StarThrower, you started this thread. Presumably you want to convince us of something. So do it. Otherwise, what is the point of continuing to post these threads?

http://info.astrian.net/jargon/terms/t/troll.html

 

[StarThrower]

I'm not sure anyone answered this succinctly. The answer is NO.

Therefore, your example is invalid for an examination of SR. It quite simply doesn't apply.
Yes, JJ.

Prove that the answer is no Russ.

Hey JJ, ask Russ to prove that the answer is no. Since the answer is yes, it is impossible for him to prove the answer is no. A frame in which a photon is at rest is an inertial reference frame.

Kind regards,

The Star

 

[Severian596]

http://info.astrian.net/jargon/terms/t/troll.html

LOL, excellent, Chen. In my position I could feel abused by StarThrower's trolling, but I'm actually pretty thankful I followed this thread because it has helped me look at SR from a perspective I hadn't yet considered; that of the perspective of the photon.

 

[StarThrower]

So... you assert that our assertion that your assertion is erroneous is in error? Ok, I assert you are wrong. Your move.

StarThrower, you started this thread. Presumably you want to convince us of something. So do it.

An inertial reference frame is a reference frame in which Newtons law of inertia is true.

Newton's law of inertia is true in a coordinate system in which a photon is at the origin.

Hence, a frame in which a photon is at rest is an inertial reference frame.

Kind regards,

The Star

 

[StarThrower]

LOL, excellent, Chen. In my position I could feel abused by StarThrower's trolling, but I'm actually pretty thankful I followed this thread because it has helped me look at SR from a perspective I hadn't yet considered; that of the perspective of the photon.

Absolutely no trolling here, I am simply saying that you can prove that the rest frame of a photon is an inertial reference frame.

Kind regards,

The Star

 

[Severian596]

Newton's law of inertia is true in a coordinate system in which a photon is at the origin.

Prove this please.

 

[quantumdude]

An inertial reference frame is a reference frame in which Newtons law of inertia is true.

Newton's law of inertia is true in a coordinate system in which a photon is at the origin.

Hence, a frame in which a photon is at rest is an inertial reference frame.

There is no intertial reference frame in which a photon is at rest.
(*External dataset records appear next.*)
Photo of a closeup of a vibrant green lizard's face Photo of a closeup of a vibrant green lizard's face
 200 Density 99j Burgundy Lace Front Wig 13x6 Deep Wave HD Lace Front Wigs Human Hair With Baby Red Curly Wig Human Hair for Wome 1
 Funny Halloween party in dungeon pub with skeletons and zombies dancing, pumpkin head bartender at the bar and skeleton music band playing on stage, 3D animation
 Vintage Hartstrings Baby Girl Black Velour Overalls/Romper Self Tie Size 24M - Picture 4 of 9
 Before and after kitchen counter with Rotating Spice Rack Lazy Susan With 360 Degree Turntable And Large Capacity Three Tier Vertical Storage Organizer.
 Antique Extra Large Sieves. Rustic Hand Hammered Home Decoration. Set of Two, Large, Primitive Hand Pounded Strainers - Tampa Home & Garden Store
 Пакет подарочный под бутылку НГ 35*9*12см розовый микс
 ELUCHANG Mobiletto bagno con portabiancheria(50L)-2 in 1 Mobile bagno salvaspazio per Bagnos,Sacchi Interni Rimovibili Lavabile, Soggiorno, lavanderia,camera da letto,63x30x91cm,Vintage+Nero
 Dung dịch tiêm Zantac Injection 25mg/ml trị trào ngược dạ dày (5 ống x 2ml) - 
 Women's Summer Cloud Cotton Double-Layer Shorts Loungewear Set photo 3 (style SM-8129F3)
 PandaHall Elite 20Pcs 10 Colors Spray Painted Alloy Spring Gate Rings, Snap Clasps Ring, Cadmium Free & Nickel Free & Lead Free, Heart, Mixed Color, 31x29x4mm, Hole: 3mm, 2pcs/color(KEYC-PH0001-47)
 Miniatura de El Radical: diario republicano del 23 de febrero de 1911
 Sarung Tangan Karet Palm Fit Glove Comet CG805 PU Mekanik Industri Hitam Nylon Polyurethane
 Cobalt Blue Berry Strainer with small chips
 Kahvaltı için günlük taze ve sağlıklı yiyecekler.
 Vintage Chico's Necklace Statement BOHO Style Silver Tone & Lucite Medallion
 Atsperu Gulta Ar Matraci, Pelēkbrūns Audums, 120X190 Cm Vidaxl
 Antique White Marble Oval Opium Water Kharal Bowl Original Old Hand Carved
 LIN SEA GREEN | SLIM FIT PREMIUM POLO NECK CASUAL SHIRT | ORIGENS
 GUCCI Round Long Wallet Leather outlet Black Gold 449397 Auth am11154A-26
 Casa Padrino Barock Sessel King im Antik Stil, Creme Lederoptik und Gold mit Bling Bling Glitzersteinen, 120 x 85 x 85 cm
The only way to get a contradiction here is if you assume that there is one. But that is not an assumption made by special relativity.

 

[Severian596]

For a spacetime diagram for your run-of-the-mill reference frame S, you can define up to 4 axes, but let's just use 2 and assume no y or z movement takes place. You then define the x-axis and the y axis. Like this example:

http://vishnu.mth.uct.ac.za/omei/gr/chap1/img35.gif

The red dotted line represents the path of light. The blue line represents a superimposed axis of reference S' that has undergone a transformation. Notice that only ct' is superimposed. If x' were also superimposed it would fall between the x-axis and the red dotted line.

So what happens as v approaches c? Could someone let me know if I've got this part wrong? Visually the two lines converge. But due to the nature of Time Dilation the length units on the ct' axis approach infinity, and the length units on x' approach length zero. If you finally reach v=c, then it's reasonable to assume you'll no longer have two axies, but one (ct'). And furthermore you won't ever be able to progress along this axis because every incriment along that axis has a length of infinity:

\frac{\infty}{x} = \infty

It's ugly, but I believe it starts to illustrate the problem with defining a reference frame that has no eligible (or meaningful) coordinates to define.

UPDATE:
I must say I have the sneaking feeling that this is an incorrect way of representing it, and that this problem is similar to dividing by zero in mathematics...it's simply undefined. My example smacks a bit of Zeno's paradox, because any attempt to move only finds that you have moved no where compared to the scale of a "single step."

 

[StarThrower]

There is no intertial reference frame in which a photon is at rest. The only way to get a contradiction here is if you assume that there is one. But that is not an assumption made by special relativity.

Assume that there is at least one inertial reference frame in which a photon's speed isn't equal to zero, and refer to this reference frame as F1.

According to the fundamental postulate of the theory of special relativity, the speed of the photon in this inertial reference frame is c, where c = 299792458 m/s.

To Prove: The rest frame of the photon is an inertial reference frame.

Let the photon be moving along the positive x-axis of F1, in the direction of increasing x coordinates of F1.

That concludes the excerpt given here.